[Opening EXCERPTED RECORDS section]

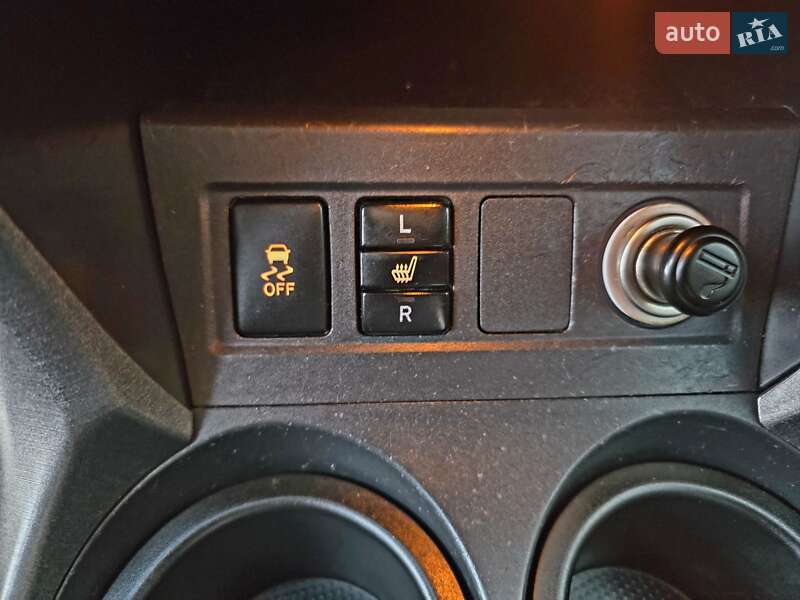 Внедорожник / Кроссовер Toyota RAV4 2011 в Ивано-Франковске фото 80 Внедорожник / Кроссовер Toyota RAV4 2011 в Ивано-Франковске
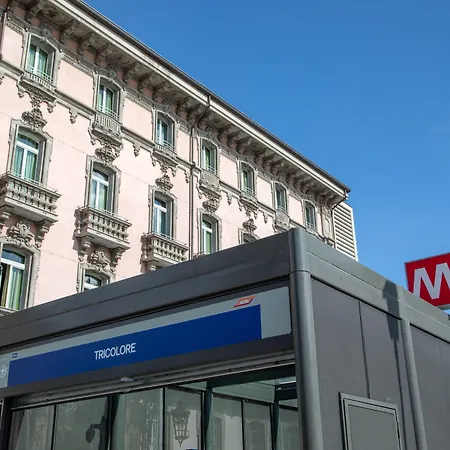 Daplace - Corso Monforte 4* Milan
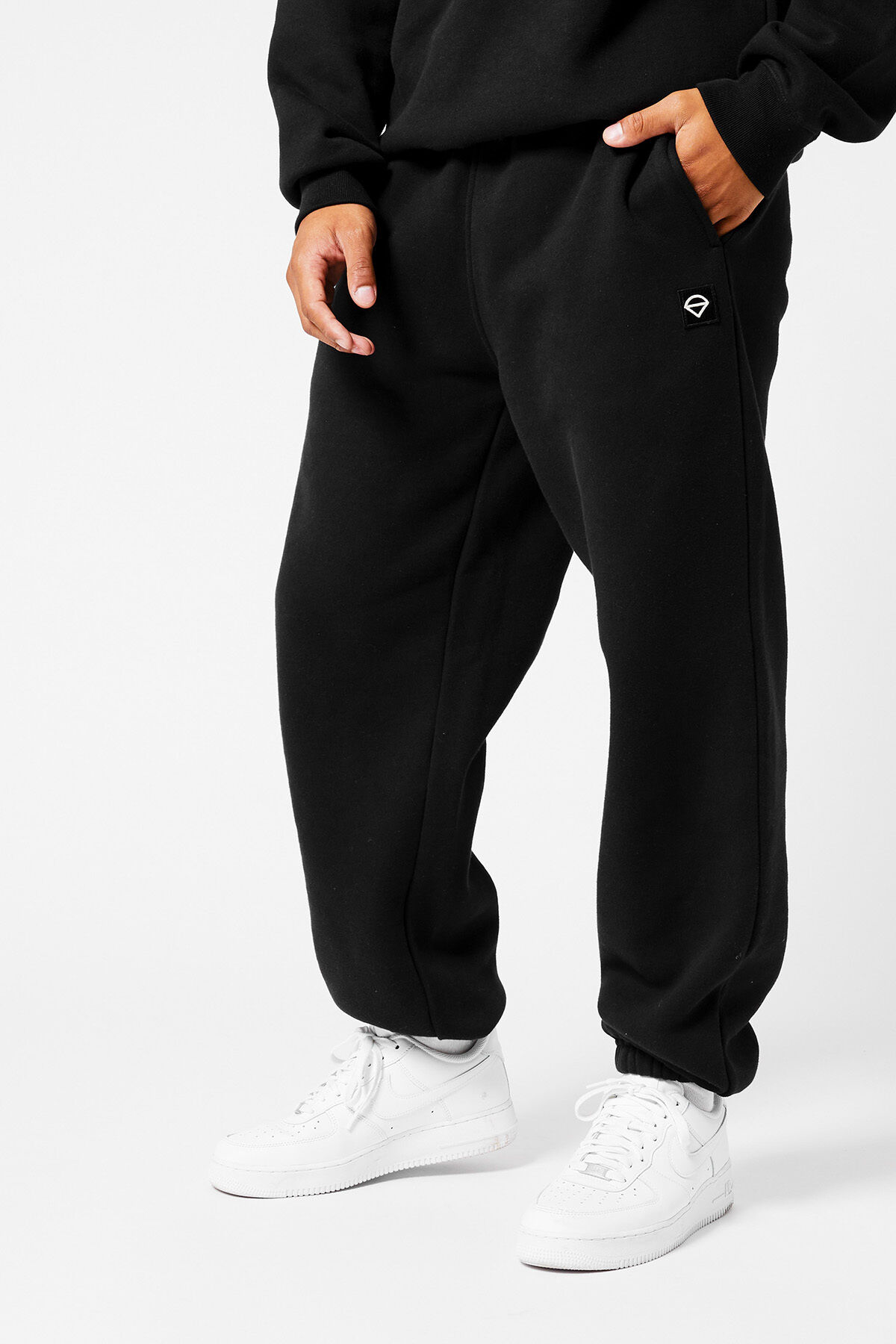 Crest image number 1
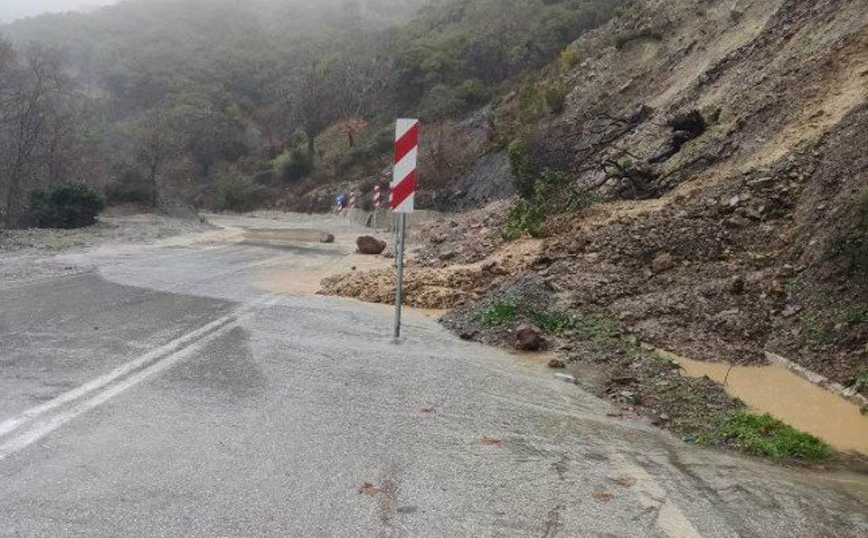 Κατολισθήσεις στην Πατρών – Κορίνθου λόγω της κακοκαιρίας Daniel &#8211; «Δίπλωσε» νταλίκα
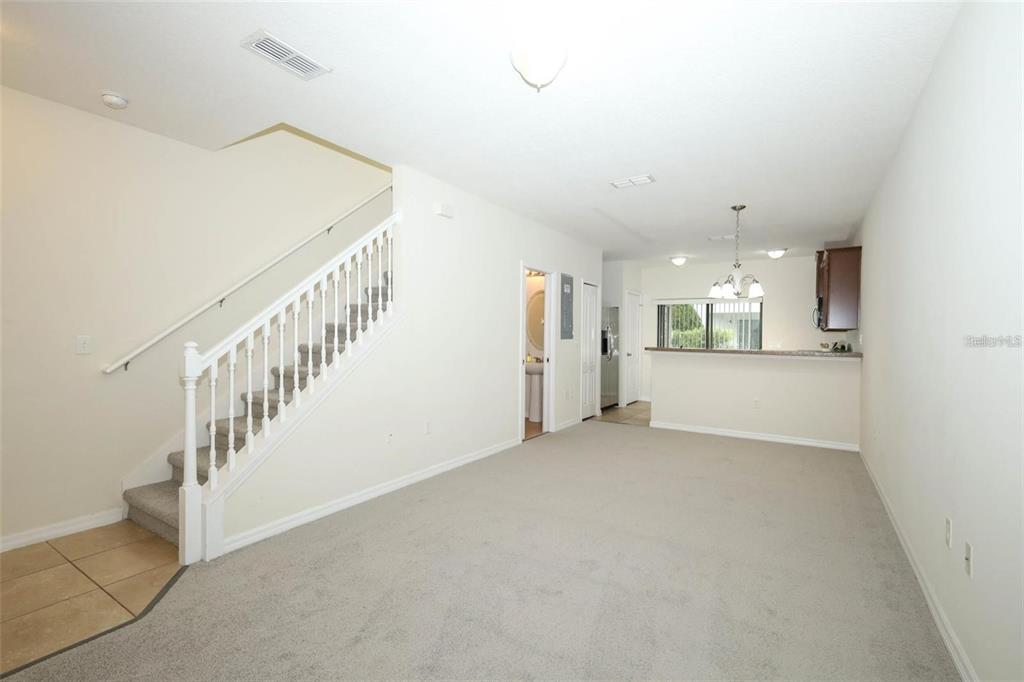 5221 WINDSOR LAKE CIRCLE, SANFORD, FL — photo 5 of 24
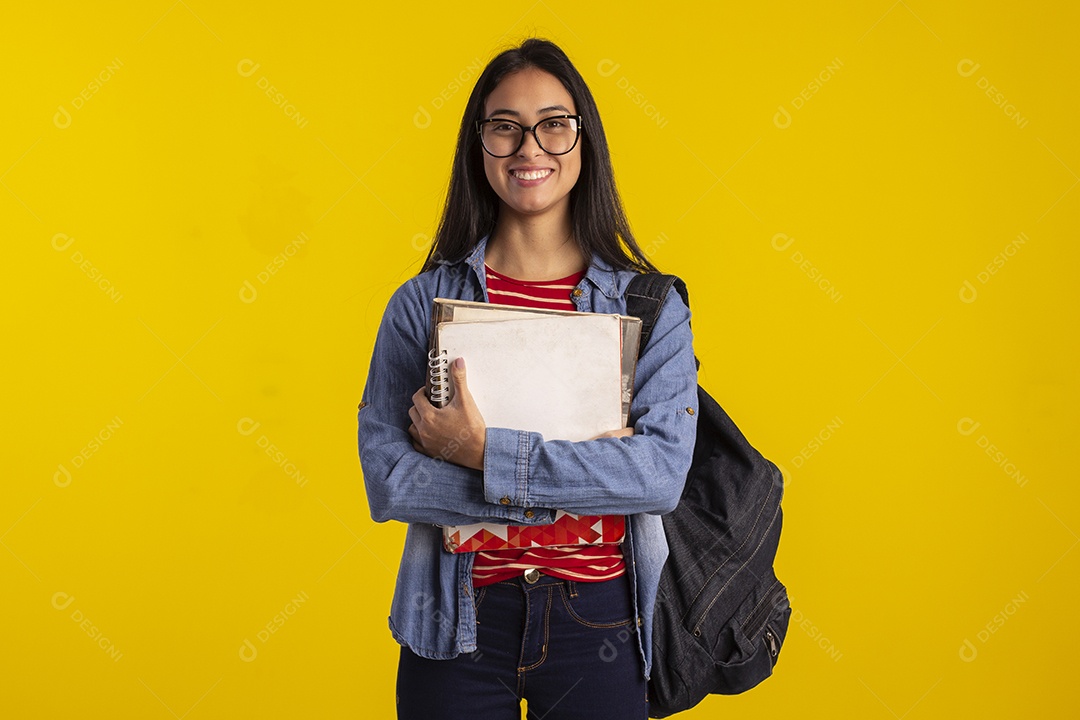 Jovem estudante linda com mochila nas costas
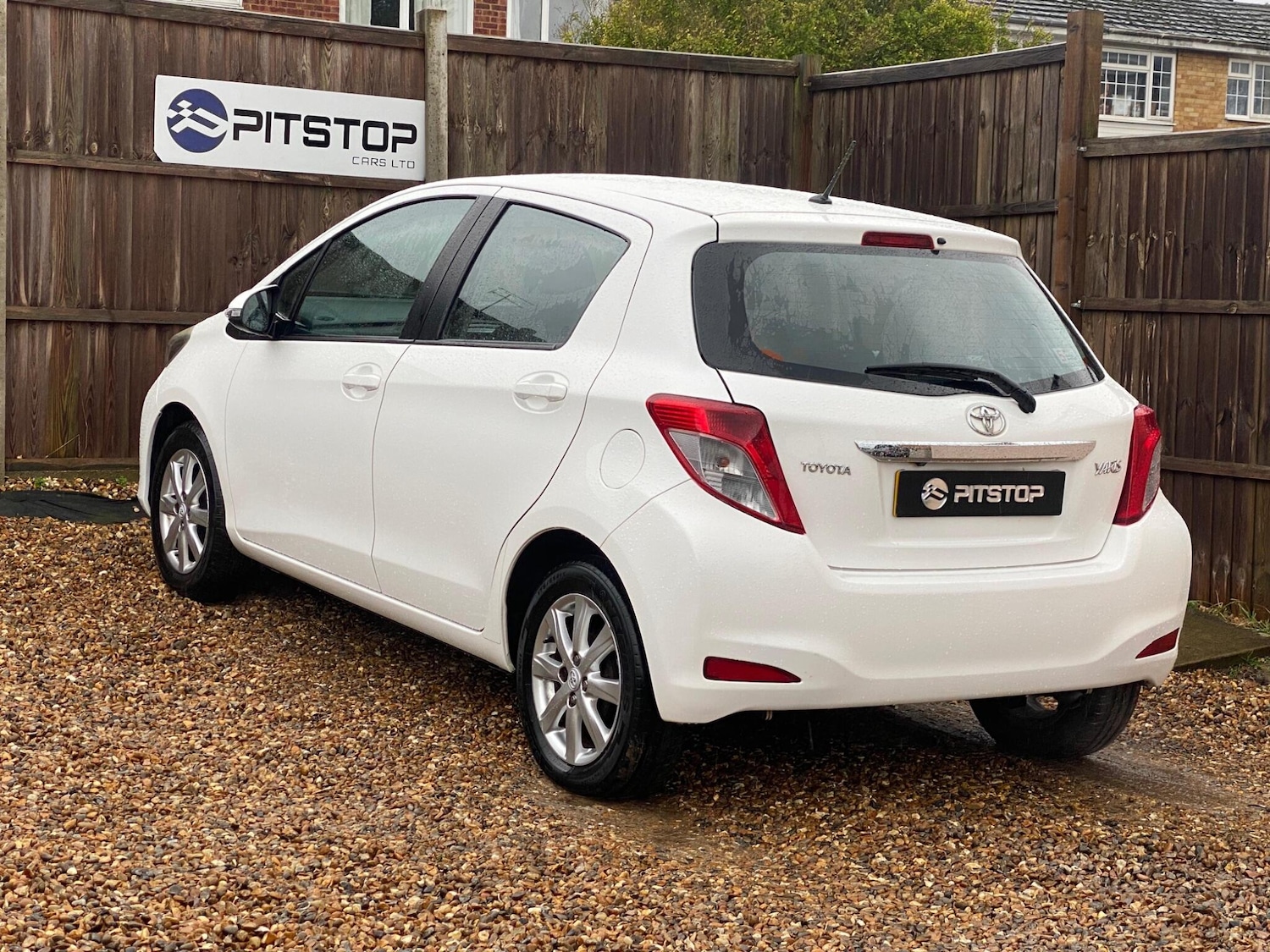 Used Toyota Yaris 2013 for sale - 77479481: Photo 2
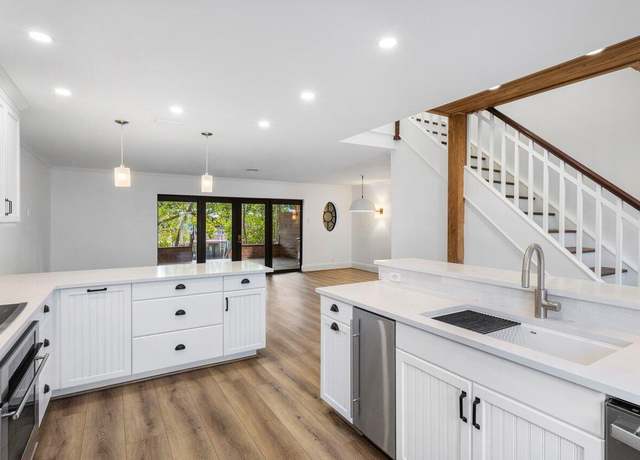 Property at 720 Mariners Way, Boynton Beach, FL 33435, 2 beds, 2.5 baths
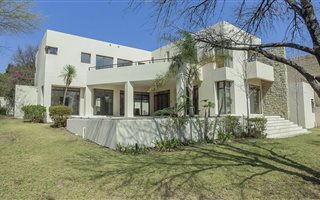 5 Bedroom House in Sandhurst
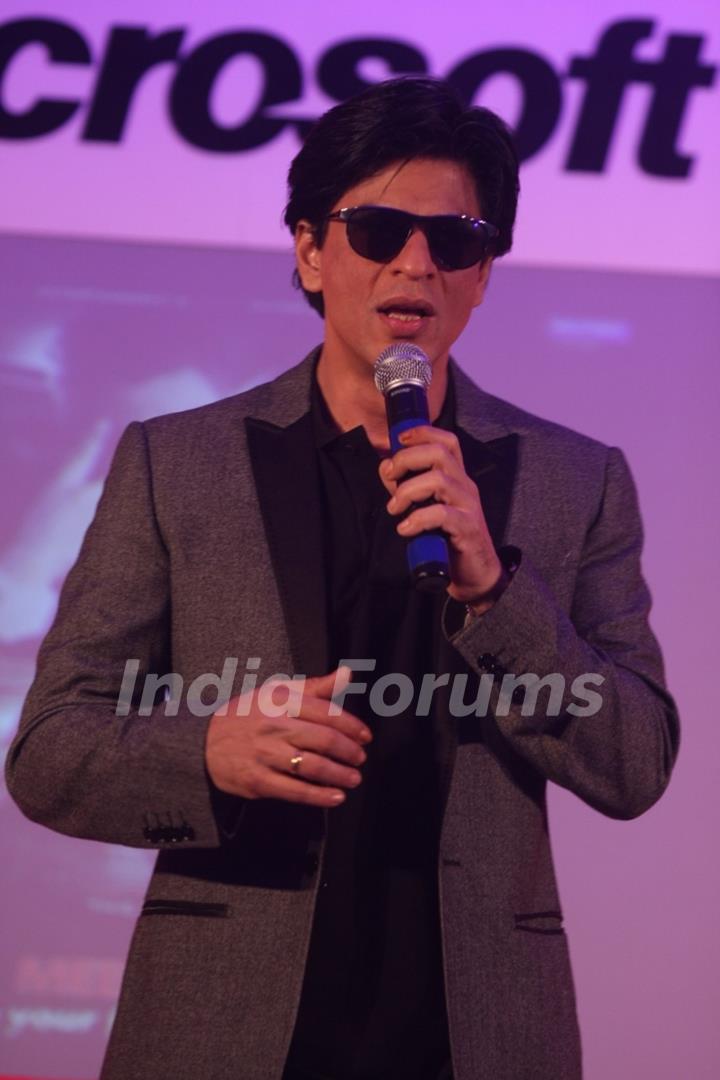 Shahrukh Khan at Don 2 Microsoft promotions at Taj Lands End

[Closing EXCERPTED RECORDS section]

= WORK REQUIRED =
Please print exactly the lines from the line containing "Κατολισθήσεις στην Πατρών" through the end of the records above, both included, leaving out every picture.

= ANSWER TO THE EXERCISE =
 Κατολισθήσεις στην Πατρών – Κορίνθου λόγω της κακοκαιρίας Daniel &#8211; «Δίπλωσε» νταλίκα
 5221 WINDSOR LAKE CIRCLE, SANFORD, FL — photo 5 of 24
 Jovem estudante linda com mochila nas costas
 Used Toyota Yaris 2013 for sale - 77479481: Photo 2
 Property at 720 Mariners Way, Boynton Beach, FL 33435, 2 beds, 2.5 baths
 5 Bedroom House in Sandhurst
 Shahrukh Khan at Don 2 Microsoft promotions at Taj Lands End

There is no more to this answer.